Ana Navarro and Alex Castellanos as the voices of Latinos
As comprehensive immigration reform continues to stall in Congress and the GOP scrambles to appeal to a growing Latino population, two seasoned Republican operatives frequent the airwaves on mainstream media as purported voices of Latinos in America. But while Ana Navarro and Alex Castellanos may give an impression of diversity on cable television, what they really show is that both cable TV and the Republican Party have a shallow bench, relying heavily on two commentators—largely out of touch with majority Latino opinion—when they need a Latino voice.
Today you’ll find them all over cable TV, mostly on CNN but also MSNBC and Fox News. They are also familiar faces these days on the Sunday network talk shows, like NBC’s Meet the Press and ABC’s This Week. (ABC recently hired Navarro as a contributor, which means viewers will likely be seeing even more of her soon—TVNewser, 2/3/14.) Castellanos has made dozens of TV appearances since 2013, while Navarro has made hundreds.
As Extra! (9/12) has pointed out, Latino voices are rarely included in corporate media discussion. So any Latino voice receiving a consistent platform might seem like a step in the direction of inclusion.
These voices, however, aren’t just any voices. Professional political consultants, Navarro and Castellanos have both been advisers to Republican presidential campaigns: Navarro for John McCain and Jon Huntsman, Castellanos for Bob Dole, George W. Bush and Mitt Romney. They both were born in Latin America into families that fled leftist regimes: Castellanos’ family left Cuba in 1960 shortly after the revolution, while Navarro’s family left Nicaragua in 1980 after the Sandinistas overthrew the Somoza dictatorship.
There is no single Latino—or black, or gay, or female—perspective. Latino opinion is complex and often in flux. Still, some media find it easier to simply to ask their in-house Latino pundit for answers.
Castellanos, the older and more experienced operative of the two, is apparently so in tune with Latino opinion that CNN just asks him what Latinos think. After a Republican presidential primary debate in 2012 (1/27/12), he was asked by a CNN anchor, “Alex, who did the Latinos love?” Castellanos, CNN’s Latino whisperer, responded that Latinos “love strength–the strong father figure in the family.”
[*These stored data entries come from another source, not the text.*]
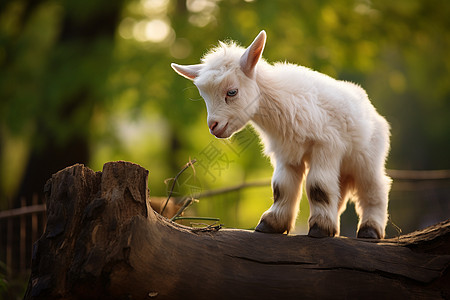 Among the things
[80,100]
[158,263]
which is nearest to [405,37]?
[80,100]

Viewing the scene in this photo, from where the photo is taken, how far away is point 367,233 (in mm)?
3115

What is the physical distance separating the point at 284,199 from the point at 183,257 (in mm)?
952

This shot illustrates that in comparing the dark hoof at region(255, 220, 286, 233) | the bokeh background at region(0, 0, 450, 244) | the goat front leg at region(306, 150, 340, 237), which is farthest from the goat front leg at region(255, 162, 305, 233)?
the bokeh background at region(0, 0, 450, 244)

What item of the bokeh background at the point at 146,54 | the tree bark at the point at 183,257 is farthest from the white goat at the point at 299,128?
the bokeh background at the point at 146,54

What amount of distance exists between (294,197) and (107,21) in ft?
18.8

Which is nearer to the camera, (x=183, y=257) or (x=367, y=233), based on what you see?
(x=183, y=257)

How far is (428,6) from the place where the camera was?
305 inches

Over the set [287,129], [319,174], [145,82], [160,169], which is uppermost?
[145,82]

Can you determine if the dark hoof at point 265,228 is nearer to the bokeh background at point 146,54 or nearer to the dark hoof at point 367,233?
the dark hoof at point 367,233

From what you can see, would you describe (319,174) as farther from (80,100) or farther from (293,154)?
(80,100)

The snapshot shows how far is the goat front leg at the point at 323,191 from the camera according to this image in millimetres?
2838

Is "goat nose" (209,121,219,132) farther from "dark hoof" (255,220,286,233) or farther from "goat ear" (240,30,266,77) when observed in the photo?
"dark hoof" (255,220,286,233)

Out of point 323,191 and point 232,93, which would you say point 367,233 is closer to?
point 323,191

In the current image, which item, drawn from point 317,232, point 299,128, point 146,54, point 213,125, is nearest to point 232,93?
point 213,125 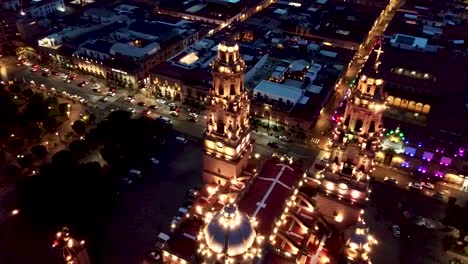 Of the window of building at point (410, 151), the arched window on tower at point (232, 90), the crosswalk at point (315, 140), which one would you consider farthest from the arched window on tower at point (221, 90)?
the window of building at point (410, 151)

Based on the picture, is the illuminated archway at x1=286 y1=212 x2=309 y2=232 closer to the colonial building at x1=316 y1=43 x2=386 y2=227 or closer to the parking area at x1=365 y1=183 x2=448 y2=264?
the colonial building at x1=316 y1=43 x2=386 y2=227

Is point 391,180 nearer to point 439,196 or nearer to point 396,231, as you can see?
point 439,196

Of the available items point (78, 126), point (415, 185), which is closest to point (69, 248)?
point (78, 126)

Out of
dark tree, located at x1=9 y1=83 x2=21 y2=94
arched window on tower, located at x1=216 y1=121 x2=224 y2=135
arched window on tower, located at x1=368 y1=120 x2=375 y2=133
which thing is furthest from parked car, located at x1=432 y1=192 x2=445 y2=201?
dark tree, located at x1=9 y1=83 x2=21 y2=94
Also problematic is the fact that media generally boil down the politics of Latino Americans to a single issue: immigration reform. And even when it is covered, you’ll still find the vast majority of people chiming in on it in corporate media are white male politicians rather than immigrants or activists (Extra!, 5/13). So when Latino voters favor Democrats 2-1 over Republicans (CBS, 8/9/13), the GOP would seem well-served to flood the airwaves with party operatives that take moderate positions on immigration reform—an easier way to pass off those voices as something approaching “representative.” It’s no secret that the Republican Party cannot afford to continue to turn off some Latino voters with hardline conservative positions on immigration reform.
Enter Navarro.Her embrace of comprehensive immigration reform is in line with an evolving strategic pivot in the GOP’s immigration position. Navarro (Meet the Press, 8/11/13) went after Rep. Steve King (R.-Iowa) when he insinuated that immigration reform might grant citizenship to undocumented immigrants who are “drug smugglers.” By arguing with the likes of King, Navarro not only steers Republican talking points away from the screeching bigotry of the far right, she also tries to align the party with the latest Latino opinion polls. Castellanos has taken a similar approach with his support for same-sex marriage (Campaigns & Elections, 1/31/14).
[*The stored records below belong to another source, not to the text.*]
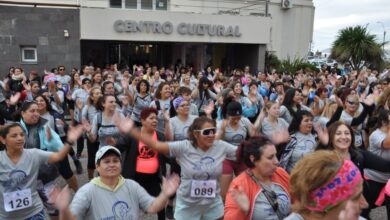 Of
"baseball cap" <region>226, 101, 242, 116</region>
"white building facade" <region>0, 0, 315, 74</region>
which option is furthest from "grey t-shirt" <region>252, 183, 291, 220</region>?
"white building facade" <region>0, 0, 315, 74</region>

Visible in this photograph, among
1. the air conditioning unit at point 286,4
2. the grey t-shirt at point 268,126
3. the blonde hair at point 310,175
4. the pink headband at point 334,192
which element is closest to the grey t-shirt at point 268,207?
the blonde hair at point 310,175

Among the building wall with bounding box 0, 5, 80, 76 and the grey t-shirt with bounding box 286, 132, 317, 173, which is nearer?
the grey t-shirt with bounding box 286, 132, 317, 173

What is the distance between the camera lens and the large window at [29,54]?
53.5 feet

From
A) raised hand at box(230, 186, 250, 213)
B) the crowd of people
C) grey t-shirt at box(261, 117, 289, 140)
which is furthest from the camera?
grey t-shirt at box(261, 117, 289, 140)

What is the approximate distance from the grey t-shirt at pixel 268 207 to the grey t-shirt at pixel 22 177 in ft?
7.06

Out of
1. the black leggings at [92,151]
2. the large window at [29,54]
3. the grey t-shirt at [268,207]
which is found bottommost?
the black leggings at [92,151]

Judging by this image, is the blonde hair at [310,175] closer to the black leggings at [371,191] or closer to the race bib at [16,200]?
the race bib at [16,200]

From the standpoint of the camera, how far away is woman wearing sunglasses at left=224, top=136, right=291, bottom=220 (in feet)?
9.86

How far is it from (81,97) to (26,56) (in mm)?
9002

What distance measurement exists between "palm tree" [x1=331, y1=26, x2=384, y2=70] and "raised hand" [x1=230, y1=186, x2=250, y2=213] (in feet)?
67.6

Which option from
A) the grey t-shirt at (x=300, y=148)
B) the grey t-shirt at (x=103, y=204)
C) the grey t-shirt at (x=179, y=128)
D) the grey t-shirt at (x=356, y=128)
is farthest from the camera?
the grey t-shirt at (x=356, y=128)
Ultimately, though, even Navarro and Castellanos’ moderate conservative platform is out of sync with strong Latino support for healthcare reform (Huffington Post, 4/2/13) and President Obama (Pew Research, 10/11/12). Which is not to say that Latinos agree with the Democratic Party and Obama on everything; a majority polled don’t support his deportation policy, for example (Pew Research, 12/28/11). But when a majority supports “bigger government providing more services” (Pew Research, 4/4/12), conservative policies—regardless of which party banner they’re advanced beneath—are arguably incompatible with majority Latino opinion.
Navarro and Castellanos illustrate that trotting out a handful of voices to speak for an entire demographic in the name of inclusivity isn’t enough. With Latinos, media still marginalize them by reducing their politics to one issue—and their voices to two largely unrepresentative commentators.